Tell me about Law School / Law Careers

I feel I should also point out what I think is the absolute worst job in the legal industry, perhaps any industry, and that is an attorney conducting a document review.

During the discovery process, there can be hundreds of thousands or even millions of documents that need to be read and categorized, 99.9% of which is garbage. Think of the typical John Grisham movie / Law & Order cliche where the oposing counsel sends over a dozen bankers boxes filled with documents and our noble counselor say something to the effect of “they are trying to bury us in paper.”

Well, it’s really more of a Raiders of the Lost Arc size room full of bankers boxes, although most of it is electronic.
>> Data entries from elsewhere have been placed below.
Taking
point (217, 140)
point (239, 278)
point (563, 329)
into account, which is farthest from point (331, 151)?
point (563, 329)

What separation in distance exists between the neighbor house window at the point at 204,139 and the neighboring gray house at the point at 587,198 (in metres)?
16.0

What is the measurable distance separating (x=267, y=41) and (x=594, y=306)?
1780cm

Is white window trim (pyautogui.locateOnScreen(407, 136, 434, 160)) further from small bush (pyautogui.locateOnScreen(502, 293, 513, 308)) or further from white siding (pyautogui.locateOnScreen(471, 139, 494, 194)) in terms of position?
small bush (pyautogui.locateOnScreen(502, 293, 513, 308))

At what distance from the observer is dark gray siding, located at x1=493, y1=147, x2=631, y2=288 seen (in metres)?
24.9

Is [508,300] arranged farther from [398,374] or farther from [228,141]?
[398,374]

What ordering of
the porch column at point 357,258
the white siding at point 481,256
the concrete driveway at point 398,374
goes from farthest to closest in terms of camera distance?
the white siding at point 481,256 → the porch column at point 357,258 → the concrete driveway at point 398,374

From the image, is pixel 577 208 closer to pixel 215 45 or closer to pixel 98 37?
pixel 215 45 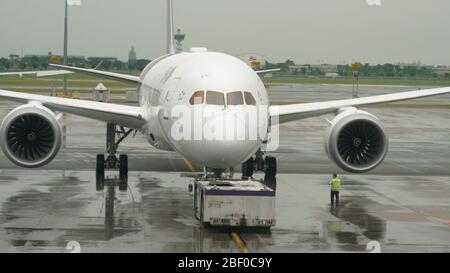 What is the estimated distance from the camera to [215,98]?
22938 mm

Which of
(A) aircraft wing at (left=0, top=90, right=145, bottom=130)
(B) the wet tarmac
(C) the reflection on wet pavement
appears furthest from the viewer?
(A) aircraft wing at (left=0, top=90, right=145, bottom=130)

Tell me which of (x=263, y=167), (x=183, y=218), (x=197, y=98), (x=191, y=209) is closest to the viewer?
(x=197, y=98)

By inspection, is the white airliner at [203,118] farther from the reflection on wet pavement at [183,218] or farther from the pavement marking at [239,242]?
the pavement marking at [239,242]

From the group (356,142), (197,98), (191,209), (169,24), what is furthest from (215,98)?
(169,24)

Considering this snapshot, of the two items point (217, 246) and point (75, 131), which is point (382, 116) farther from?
point (217, 246)

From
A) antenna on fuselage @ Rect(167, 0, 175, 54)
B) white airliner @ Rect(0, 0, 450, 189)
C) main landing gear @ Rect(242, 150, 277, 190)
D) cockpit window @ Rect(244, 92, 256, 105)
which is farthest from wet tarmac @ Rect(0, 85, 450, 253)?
antenna on fuselage @ Rect(167, 0, 175, 54)

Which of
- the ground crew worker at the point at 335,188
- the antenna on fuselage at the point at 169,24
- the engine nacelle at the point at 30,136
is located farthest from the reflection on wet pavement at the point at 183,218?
the antenna on fuselage at the point at 169,24

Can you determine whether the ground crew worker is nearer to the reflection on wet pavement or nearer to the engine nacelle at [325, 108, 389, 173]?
the reflection on wet pavement

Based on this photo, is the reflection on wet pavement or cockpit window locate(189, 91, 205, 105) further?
cockpit window locate(189, 91, 205, 105)

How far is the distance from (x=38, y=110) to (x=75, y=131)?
2392 centimetres

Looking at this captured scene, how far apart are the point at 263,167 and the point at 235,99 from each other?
9.72 m

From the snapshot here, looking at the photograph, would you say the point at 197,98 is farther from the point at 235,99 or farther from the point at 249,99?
the point at 249,99

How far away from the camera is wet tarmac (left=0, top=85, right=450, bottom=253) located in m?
20.5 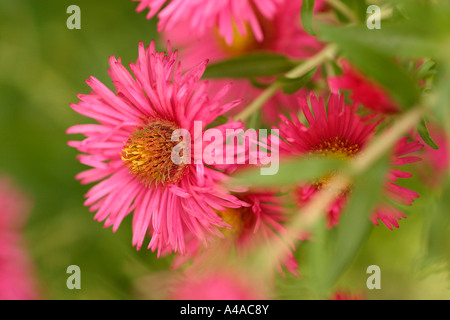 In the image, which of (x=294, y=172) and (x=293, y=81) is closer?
(x=294, y=172)

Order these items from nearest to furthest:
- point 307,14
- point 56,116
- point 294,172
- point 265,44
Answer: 1. point 294,172
2. point 307,14
3. point 265,44
4. point 56,116

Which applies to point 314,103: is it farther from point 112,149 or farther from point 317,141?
point 112,149

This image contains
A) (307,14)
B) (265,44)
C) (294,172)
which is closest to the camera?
(294,172)

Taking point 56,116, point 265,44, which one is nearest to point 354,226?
point 265,44

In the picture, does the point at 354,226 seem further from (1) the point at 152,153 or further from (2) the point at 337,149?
(1) the point at 152,153

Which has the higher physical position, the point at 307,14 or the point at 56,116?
the point at 56,116

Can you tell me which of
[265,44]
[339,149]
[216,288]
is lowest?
[216,288] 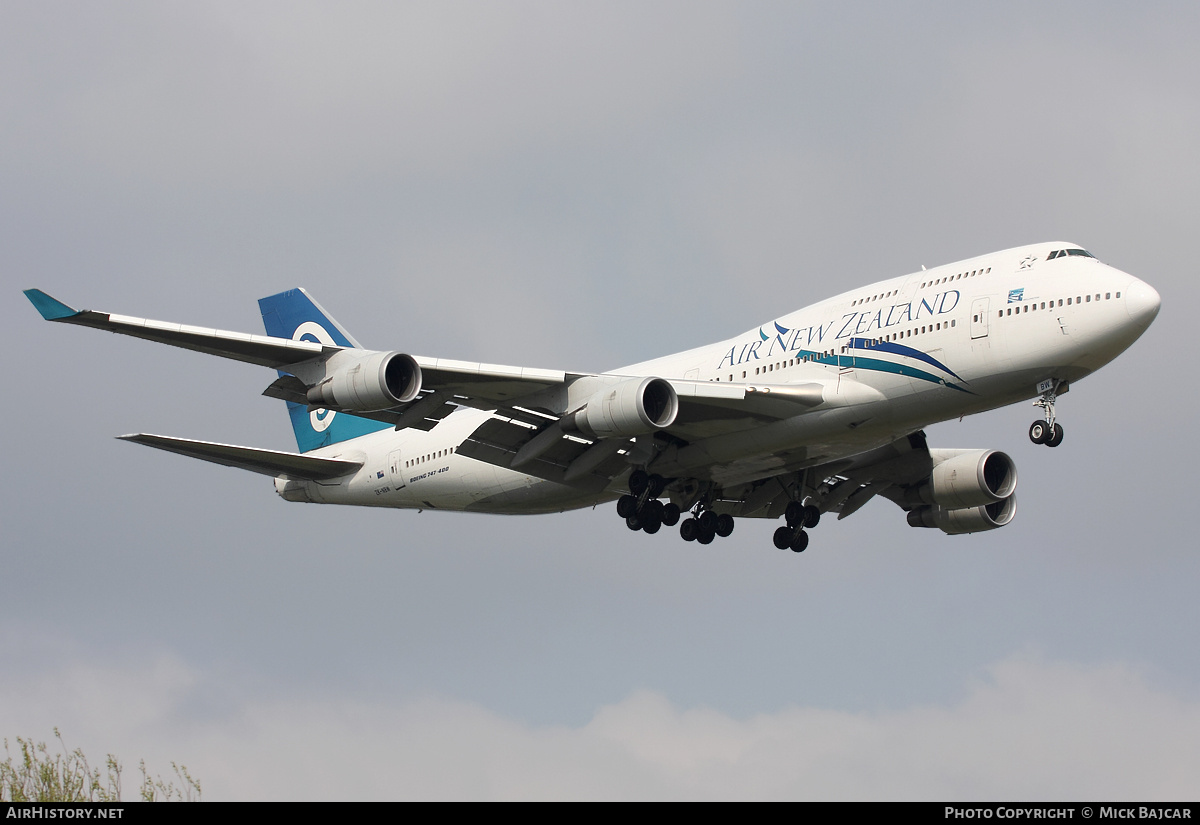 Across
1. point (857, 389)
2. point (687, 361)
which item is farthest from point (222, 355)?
point (857, 389)

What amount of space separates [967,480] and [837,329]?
8.21m

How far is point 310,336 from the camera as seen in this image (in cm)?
4391

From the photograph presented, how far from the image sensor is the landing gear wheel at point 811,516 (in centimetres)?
3912

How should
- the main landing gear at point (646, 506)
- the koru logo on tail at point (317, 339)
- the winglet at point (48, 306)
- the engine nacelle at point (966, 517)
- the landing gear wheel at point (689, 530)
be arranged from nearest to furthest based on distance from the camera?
the winglet at point (48, 306)
the main landing gear at point (646, 506)
the landing gear wheel at point (689, 530)
the engine nacelle at point (966, 517)
the koru logo on tail at point (317, 339)

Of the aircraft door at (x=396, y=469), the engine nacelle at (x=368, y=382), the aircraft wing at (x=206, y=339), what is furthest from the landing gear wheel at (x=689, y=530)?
the aircraft wing at (x=206, y=339)

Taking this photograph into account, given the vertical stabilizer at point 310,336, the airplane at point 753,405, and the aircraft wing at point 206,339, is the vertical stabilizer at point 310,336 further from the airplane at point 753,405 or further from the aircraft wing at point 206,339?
the aircraft wing at point 206,339

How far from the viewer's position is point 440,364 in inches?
1240

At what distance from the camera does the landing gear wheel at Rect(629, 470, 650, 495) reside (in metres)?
35.8

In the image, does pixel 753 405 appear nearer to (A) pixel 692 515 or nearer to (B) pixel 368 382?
(A) pixel 692 515

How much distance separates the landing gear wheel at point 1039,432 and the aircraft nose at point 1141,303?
287 cm

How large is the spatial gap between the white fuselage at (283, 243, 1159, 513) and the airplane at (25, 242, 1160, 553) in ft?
0.14

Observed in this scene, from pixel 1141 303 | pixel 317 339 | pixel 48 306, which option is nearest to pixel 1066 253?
pixel 1141 303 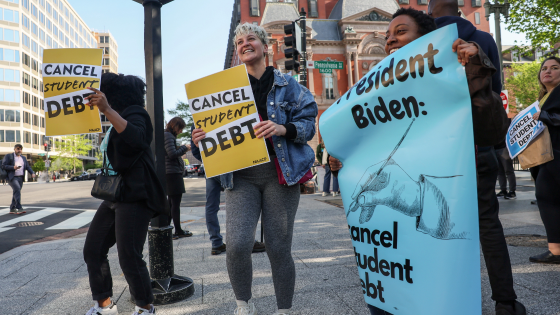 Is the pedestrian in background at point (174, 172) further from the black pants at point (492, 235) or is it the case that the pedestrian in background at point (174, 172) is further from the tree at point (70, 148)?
the tree at point (70, 148)

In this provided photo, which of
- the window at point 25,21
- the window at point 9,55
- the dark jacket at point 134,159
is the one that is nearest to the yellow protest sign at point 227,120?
the dark jacket at point 134,159

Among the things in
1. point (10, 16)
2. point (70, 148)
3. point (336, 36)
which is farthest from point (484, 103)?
point (70, 148)

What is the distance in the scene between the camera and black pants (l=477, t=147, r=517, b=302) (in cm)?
221

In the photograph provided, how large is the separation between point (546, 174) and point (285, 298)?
9.08 feet

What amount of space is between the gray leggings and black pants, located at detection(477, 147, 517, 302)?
114 centimetres

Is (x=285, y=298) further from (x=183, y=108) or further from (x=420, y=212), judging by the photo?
(x=183, y=108)

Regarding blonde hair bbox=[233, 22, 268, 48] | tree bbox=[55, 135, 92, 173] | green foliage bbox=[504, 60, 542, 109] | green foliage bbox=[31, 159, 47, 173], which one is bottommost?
blonde hair bbox=[233, 22, 268, 48]

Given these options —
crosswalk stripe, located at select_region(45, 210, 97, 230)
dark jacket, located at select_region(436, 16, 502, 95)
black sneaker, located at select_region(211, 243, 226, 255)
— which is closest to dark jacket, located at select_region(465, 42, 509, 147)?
dark jacket, located at select_region(436, 16, 502, 95)

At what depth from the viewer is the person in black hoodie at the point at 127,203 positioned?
2.44 metres

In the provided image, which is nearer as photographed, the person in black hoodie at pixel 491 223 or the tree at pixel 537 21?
the person in black hoodie at pixel 491 223

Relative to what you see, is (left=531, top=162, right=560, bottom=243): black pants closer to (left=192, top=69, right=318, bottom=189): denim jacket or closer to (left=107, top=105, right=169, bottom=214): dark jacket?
(left=192, top=69, right=318, bottom=189): denim jacket

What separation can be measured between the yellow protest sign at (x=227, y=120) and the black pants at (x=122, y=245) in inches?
23.8

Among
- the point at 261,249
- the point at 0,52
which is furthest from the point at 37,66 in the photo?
the point at 261,249

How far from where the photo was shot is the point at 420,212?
4.90 ft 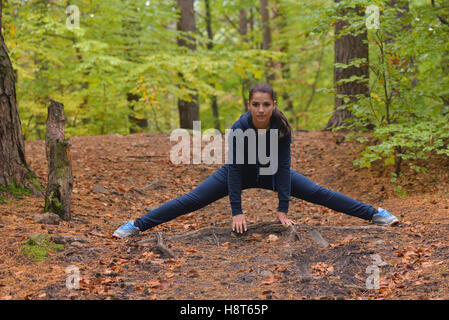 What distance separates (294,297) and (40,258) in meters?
2.28

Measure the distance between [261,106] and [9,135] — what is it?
321cm

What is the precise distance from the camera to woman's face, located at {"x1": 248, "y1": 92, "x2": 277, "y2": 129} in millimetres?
4164

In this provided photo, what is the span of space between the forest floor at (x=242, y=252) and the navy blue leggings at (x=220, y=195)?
0.65ft

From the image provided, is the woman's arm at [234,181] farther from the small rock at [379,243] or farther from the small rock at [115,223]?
the small rock at [115,223]

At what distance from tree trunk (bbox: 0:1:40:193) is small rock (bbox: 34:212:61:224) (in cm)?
92

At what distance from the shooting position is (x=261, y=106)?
164 inches

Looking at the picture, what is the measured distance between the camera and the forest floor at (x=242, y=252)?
3.27 meters

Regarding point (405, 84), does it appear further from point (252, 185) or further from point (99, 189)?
point (99, 189)

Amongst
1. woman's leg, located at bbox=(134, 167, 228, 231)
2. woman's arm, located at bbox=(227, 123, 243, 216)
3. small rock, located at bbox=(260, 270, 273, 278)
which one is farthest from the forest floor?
woman's arm, located at bbox=(227, 123, 243, 216)

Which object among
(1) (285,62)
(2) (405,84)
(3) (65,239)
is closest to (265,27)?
(1) (285,62)

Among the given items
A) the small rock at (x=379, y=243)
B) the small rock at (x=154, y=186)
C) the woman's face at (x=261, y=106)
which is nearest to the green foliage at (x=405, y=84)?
the small rock at (x=379, y=243)

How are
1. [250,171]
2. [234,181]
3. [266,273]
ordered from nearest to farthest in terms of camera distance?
[266,273] → [234,181] → [250,171] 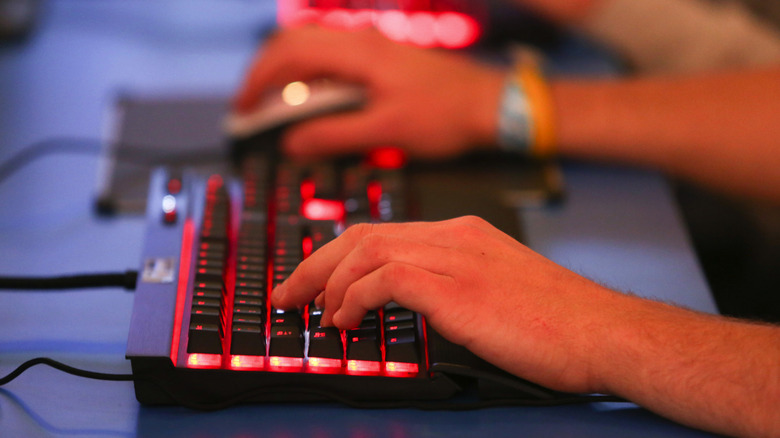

Anyhow, the law firms will have junior associates or teams of contract attorneys (temps with JDs essentially) sit there with document review software and read through about a thousand documents a day for weeks, months, years or however long it takes.

Yep.

Certainly a good portion of them. I consider them parasites. “Someone somewhere is doing something of value. How can I get a cut?”

One of the best parts of electing the government job I did is that I never, ever, ever had to do this type of stuff. My second month into my job I was closing multi-million dollar transactions. The real evidence of my job (I do different stuff but I’m responsible for disbursing low-income housing grants) I can visibly see all over Los Angeles. I’ll pass a building and recognise it as one of my projects.

Except…all those junior associates make triple my salary!! :wink:

Night school. Not hard, lots of fun. A much more interesting and dedicated group of students than the full-timers, IMHO, because the percentage of older, more serious second-career folks vs. kids who wanted another few years of the college lifestyle is a lot higher.

You’d think. I’m a temp these days, and while I don’t want to do it forever, it’s quite an easy piece of time – certainly a lot more manageable than my former life as an associate in a couple high-powered D.C. firms. It’s much more sociable when you’re in a room with other temps instead of stuck in your office all day, and the stress is non-existent.